§ Brief
Exactly as written, output each of the lines below, with no images.

[Data supplied — start]

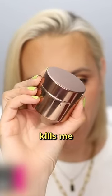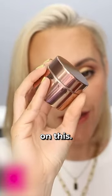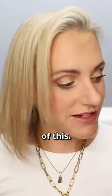Now this kills me because I spent a fortune on this. This is from Shantakai and it is the anti-aging face tint. To my surprise, there is only one shade of this.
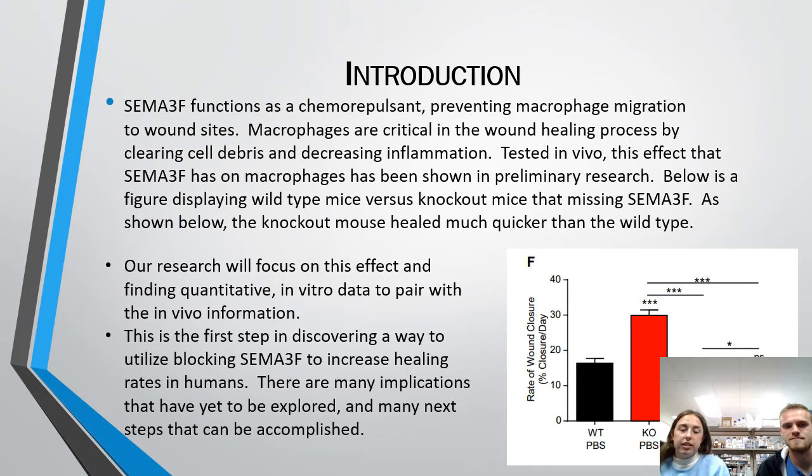SEMA3F functions as a chemorepulsant preventing macrophage migration to wound sites. Macrophages are critical in the wound healing process by clearing cell debris and decreasing inflammation. Tested in vivo, this effect of SEMA3F on macrophages has been shown in preliminary research. Below is a figure displaying wild-type mice versus knockout mice that have missing SEMA3F. As shown, the knockout mouse healed much quicker than the wild type. Our research will focus on finding quantitative in vitro data to pair with the in vivo information, as the first step in discovering a way to utilize blocking SEMA3F to increase healing rates in humans.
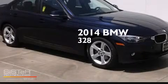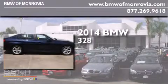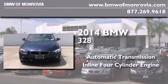This is a brand new 2014 BMW 328. This car has an automatic transmission and an inline four-cylinder engine.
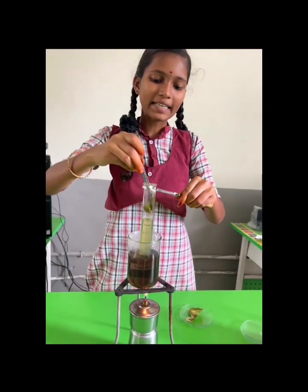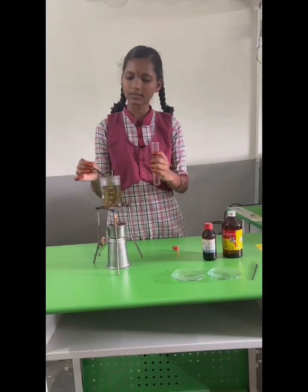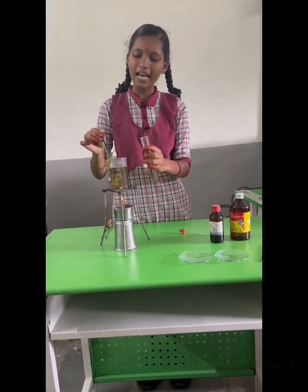Then I boil the leaf in methylated spirit using hot water. The leaf loses its chlorophyll and becomes pale.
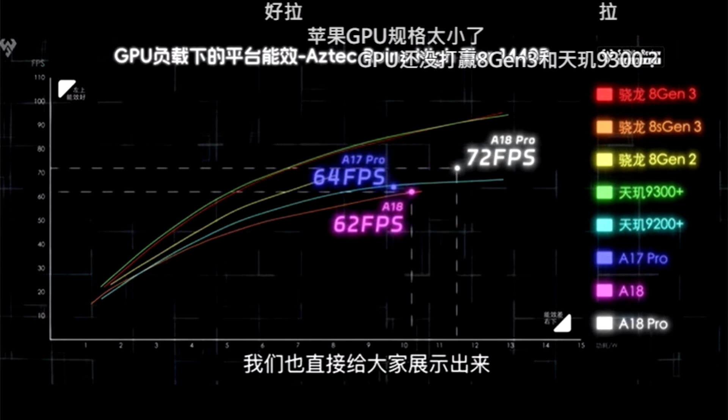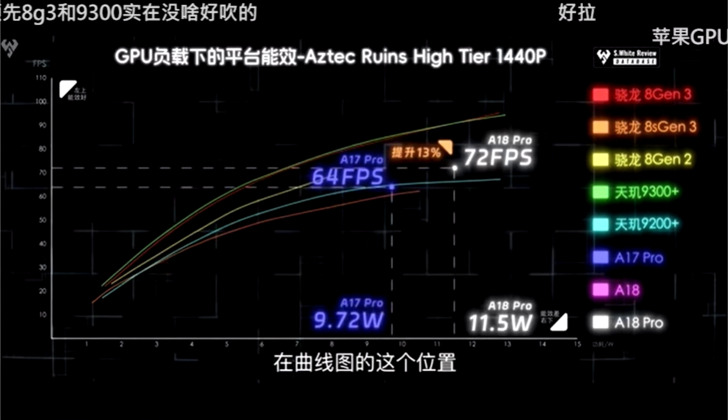The performance variation between a single generation is decent, but peeling back the results reveals more about how the A18 Pro achieved them. One graph shows the chipset was operating at 11.5 watts, higher than the A17 Pro's power draw of 9.72 watts. In fact, the A18 Pro has a worse performance-per-watt ratio than its predecessor, which is puzzling given that Apple's latest SoC is mass-produced on TSMC's second-generation 3nm process.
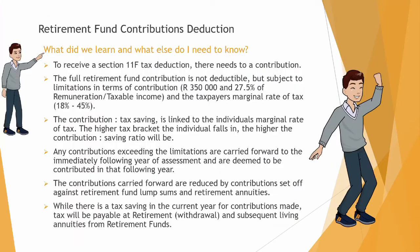So what did we learn and what else do you need to know? To receive a Section 11f retirement fund deduction there needs to be a contribution to a retirement fund. The full retirement fund contribution is however not fully deductible — it is subject to limitations.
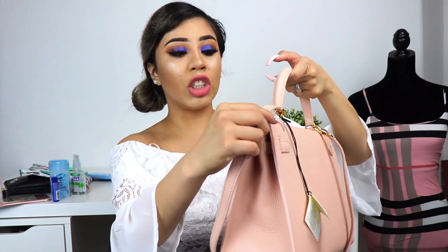I hope you guys enjoyed this 'what's in my purse' video. Go ahead and check out Teddy Blake — very nice, very chic and classy purse. Please don't forget to give me a like, subscribe to my channel, and I'll talk to you guys next time. Thank you, bye!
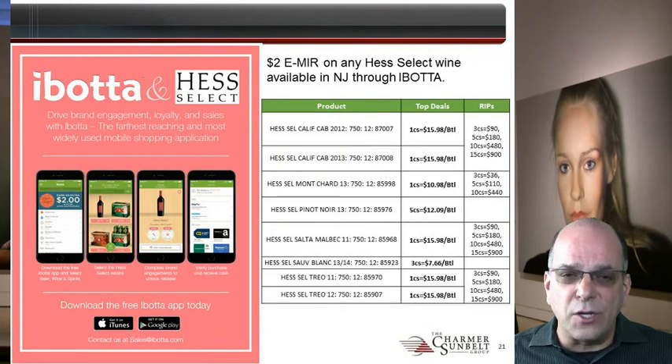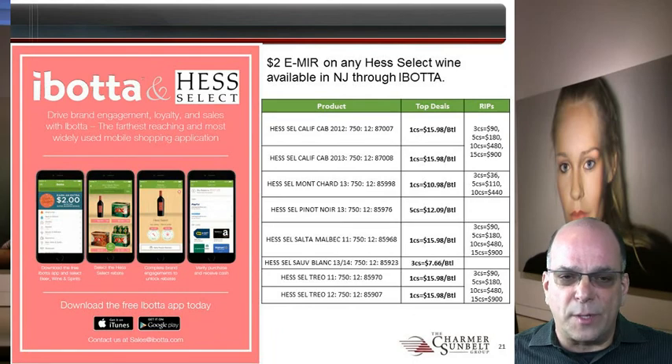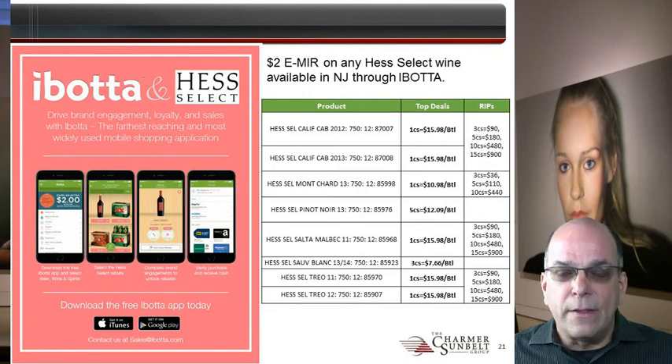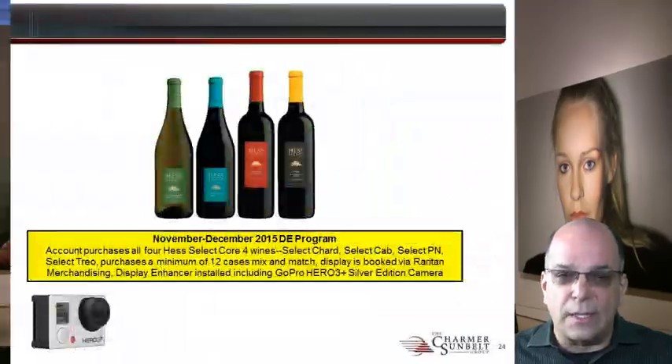The Hesselect tier is the volume driver for this supplier. Hesselect Cabernet and Chardonnay have their most valuable rips in place. Hesselect Chardonnay's top rip is $440 on 10 cases. This top rip is more attainable than previously, and you can use it to drive buyers to make the leap from the lower ellipse to the top rip because it's easier to reach. Hesselect Cabernet Sauvignon assorts with Malbec and Trio in a top rip of $900 on 15 cases.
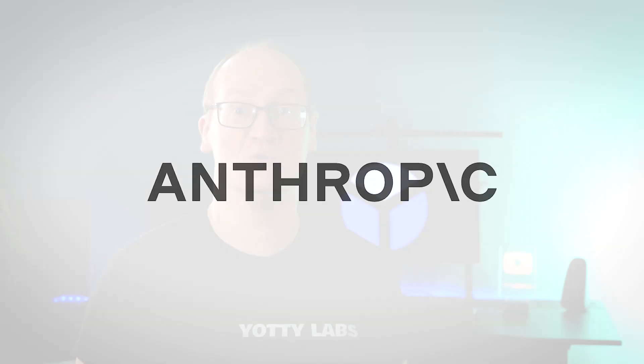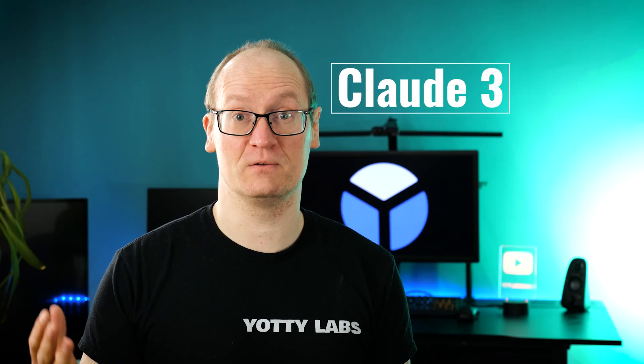A new AI has come out by a company called Anthropic and this AI is called Claude 3. The most powerful model is called Claude 3 Opus and that's got a context of 200,000 tokens.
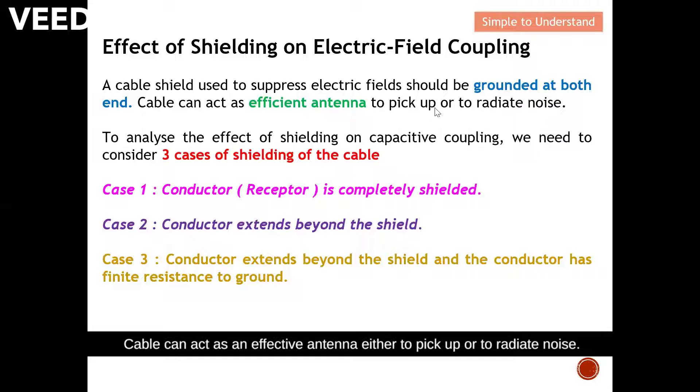To analyze the effect of shielding on capacitive coupling, we need to consider three cases of shielding of the cable. The first case is where the victim conductor is completely shielded — meaning 100% shielding of your conductor, which is the victim, against any interference.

[Data supplied — finish]

§ Written solution
Now this kills me because I spent a fortune on this. This is from Shantakai and it is the anti-aging face tint. To my surprise, there is only one shade of this.
SEMA3F functions as a chemorepulsant preventing macrophage migration to wound sites. Macrophages are critical in the wound healing process by clearing cell debris and decreasing inflammation. Tested in vivo, this effect of SEMA3F on macrophages has been shown in preliminary research. Below is a figure displaying wild-type mice versus knockout mice that have missing SEMA3F. As shown, the knockout mouse healed much quicker than the wild type. Our research will focus on finding quantitative in vitro data to pair with the in vivo information, as the first step in discovering a way to utilize blocking SEMA3F to increase healing rates in humans.
This is a brand new 2014 BMW 328. This car has an automatic transmission and an inline four-cylinder engine.
Then I boil the leaf in methylated spirit using hot water. The leaf loses its chlorophyll and becomes pale.
The performance variation between a single generation is decent, but peeling back the results reveals more about how the A18 Pro achieved them. One graph shows the chipset was operating at 11.5 watts, higher than the A17 Pro's power draw of 9.72 watts. In fact, the A18 Pro has a worse performance-per-watt ratio than its predecessor, which is puzzling given that Apple's latest SoC is mass-produced on TSMC's second-generation 3nm process.
So what did we learn and what else do you need to know? To receive a Section 11f retirement fund deduction there needs to be a contribution to a retirement fund. The full retirement fund contribution is however not fully deductible — it is subject to limitations.
I hope you guys enjoyed this 'what's in my purse' video. Go ahead and check out Teddy Blake — very nice, very chic and classy purse. Please don't forget to give me a like, subscribe to my channel, and I'll talk to you guys next time. Thank you, bye!
The Hesselect tier is the volume driver for this supplier. Hesselect Cabernet and Chardonnay have their most valuable rips in place. Hesselect Chardonnay's top rip is $440 on 10 cases. This top rip is more attainable than previously, and you can use it to drive buyers to make the leap from the lower ellipse to the top rip because it's easier to reach. Hesselect Cabernet Sauvignon assorts with Malbec and Trio in a top rip of $900 on 15 cases.
A new AI has come out by a company called Anthropic and this AI is called Claude 3. The most powerful model is called Claude 3 Opus and that's got a context of 200,000 tokens.
To analyze the effect of shielding on capacitive coupling, we need to consider three cases of shielding of the cable. The first case is where the victim conductor is completely shielded — meaning 100% shielding of your conductor, which is the victim, against any interference.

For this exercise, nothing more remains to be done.